If you find any indication of root rot in your money tree plant, you’ll need to remove it from the current pot and gently rinse away enough soil to allow you a better view of the roots. 

Then cut away any rotted roots, stems, and anything that looks unhealthy. Finally, report your money tree. 

Use a new pot that has drainage holes at its bottom. If you find out that the potting mix is still soggy, change it to a better draining one.

2. If underwatering is the problem with your plant, you’ll need to increase the amount of water you give it. 

For a start, soak your money tree thoroughly, then let the excess water drain out. Then resume watering only when the top 1 to 2 inches of the soil is dry. 

3. If your money tree suffers from excess direct sunlight or not enough light, the best thing for you to do is to move it someplace where it can still receive bright but indirect light, like in front of a glass window. 

4. Move your money tree plant inside a room with a steady temperature range of 65 degrees Fahrenheit to 80 degrees Fahrenheit.

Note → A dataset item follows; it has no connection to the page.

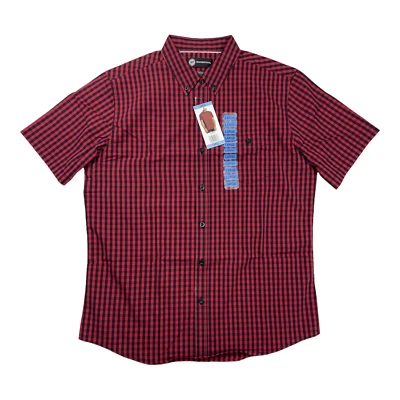 Weatherproof Short Sleeve Woven Shirt Comfort Stretch Mens L Red New With Tags - Image 1 of 4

During the winter, keep your plant inside to protect it from cold drafts and frost. Also, try as much as possible to keep it dry. Watering your plant during the winter may cause the roots to freeze.

Keep your money tree plant away from scorching places like the fireplace, furnaces, and air vents.

5. When applying fertilizer to your plant, always follow the directions and resist adding a little more. 

It is preferable to use a liquid fertilizer. Always seek more information on how to fertilize your money tree plant. 

6. If you have a pest-infested money tree plant, you can use a cotton ball to apply alcohol to all the affected areas or use a pesticide safe enough for your plant.

How to Care for Your Money Tree

While it’s great that your plant is now on its recovery journey, it is also nice to know how to keep it healthy so it doesn’t relapse. 

  • Supply your plant with indirect bright light. You can rotate it regularly to achieve an even light distribution.
  • Keep your plant in a rich potting mix with good drainage, and make sure your pit has holes at its bottom to prevent water retention.
  • Keep your plant in the ideal temperature range of 65 to 80 degrees Fahrenheit. 
  • Prune any dead, dying, or damaged leaf, stem, trunk, or root to keep your plant healthy. 
  • Fertilize your money tree plant twice a year and repot every year or two in a larger pot to encourage growth.

If your money tree plant is dropping leaves, it is best to take action immediately. Find out the underlying cause and a solution; hopefully, the list above will be helpful to you in that regard.

Finally, be patient. Money trees are known to be resilient, so your plant has a good chance of survival. Just give it time, and you will see it thrive again.